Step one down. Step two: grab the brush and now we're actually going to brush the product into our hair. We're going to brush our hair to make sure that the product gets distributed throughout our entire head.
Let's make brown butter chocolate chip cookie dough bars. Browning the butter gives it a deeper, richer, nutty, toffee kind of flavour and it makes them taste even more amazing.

= = = = =

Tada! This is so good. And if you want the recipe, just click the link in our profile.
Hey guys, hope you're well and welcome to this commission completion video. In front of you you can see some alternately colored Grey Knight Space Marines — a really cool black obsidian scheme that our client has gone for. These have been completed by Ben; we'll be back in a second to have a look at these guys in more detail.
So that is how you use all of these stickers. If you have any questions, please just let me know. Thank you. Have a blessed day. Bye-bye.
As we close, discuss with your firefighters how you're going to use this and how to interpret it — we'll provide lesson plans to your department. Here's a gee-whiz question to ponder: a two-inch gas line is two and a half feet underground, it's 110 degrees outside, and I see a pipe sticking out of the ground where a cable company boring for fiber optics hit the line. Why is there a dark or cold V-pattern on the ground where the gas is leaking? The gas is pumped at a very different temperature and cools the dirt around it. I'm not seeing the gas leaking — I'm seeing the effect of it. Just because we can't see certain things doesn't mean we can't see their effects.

= = = = =

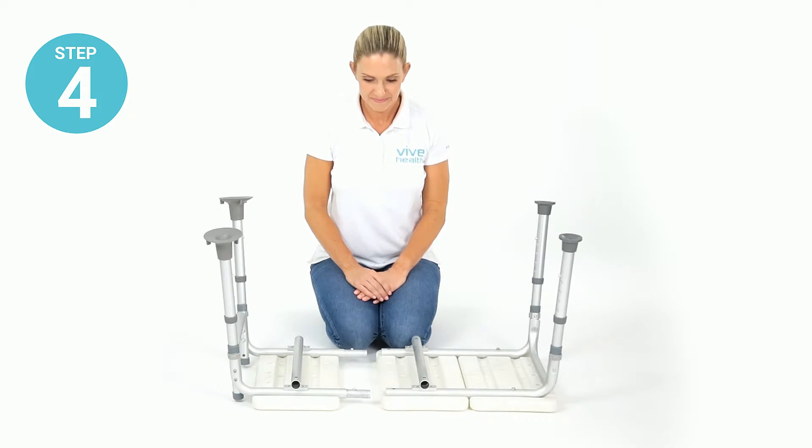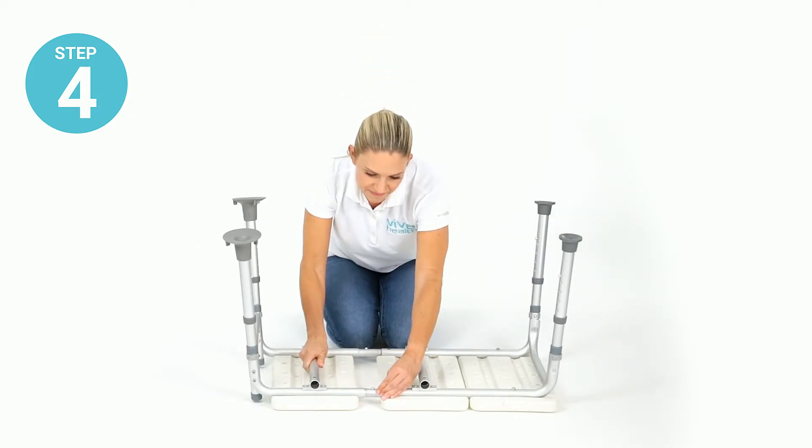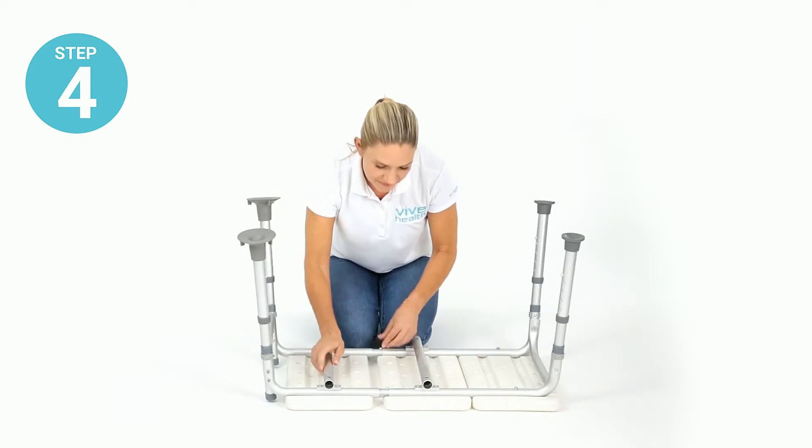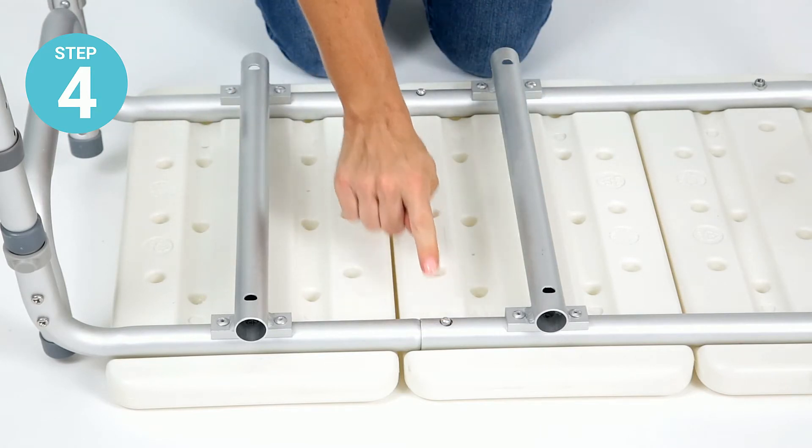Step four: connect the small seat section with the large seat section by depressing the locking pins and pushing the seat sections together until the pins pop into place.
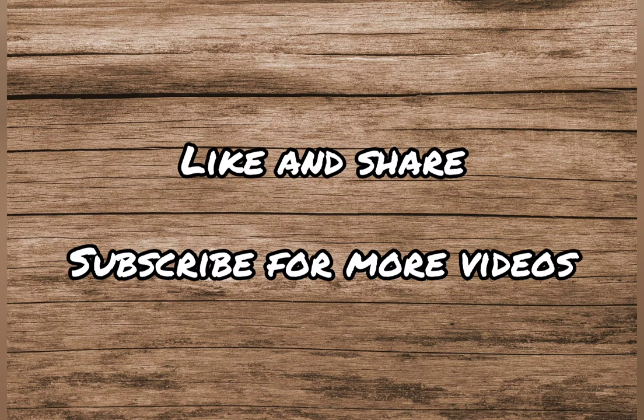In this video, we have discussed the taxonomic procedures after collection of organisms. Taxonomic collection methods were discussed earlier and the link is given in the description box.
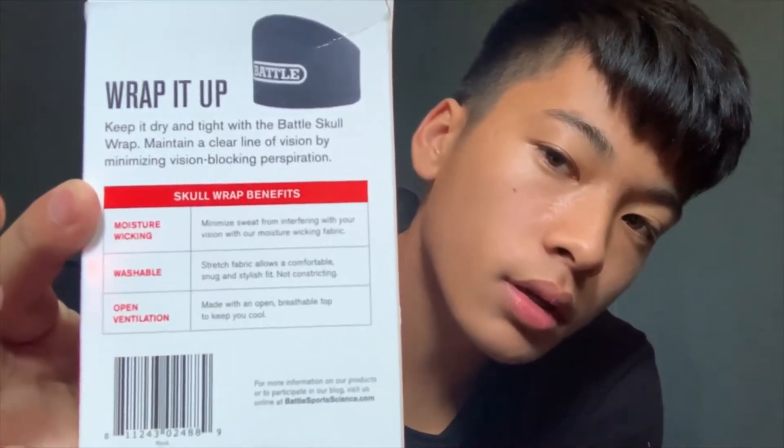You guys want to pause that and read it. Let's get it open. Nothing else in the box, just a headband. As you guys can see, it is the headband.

= = = = =

Your answer should be the lines of the records that hold the string "more".

Let's make brown butter chocolate chip cookie dough bars. Browning the butter gives it a deeper, richer, nutty, toffee kind of flavour and it makes them taste even more amazing.
Hey guys, hope you're well and welcome to this commission completion video. In front of you you can see some alternately colored Grey Knight Space Marines — a really cool black obsidian scheme that our client has gone for. These have been completed by Ben; we'll be back in a second to have a look at these guys in more detail.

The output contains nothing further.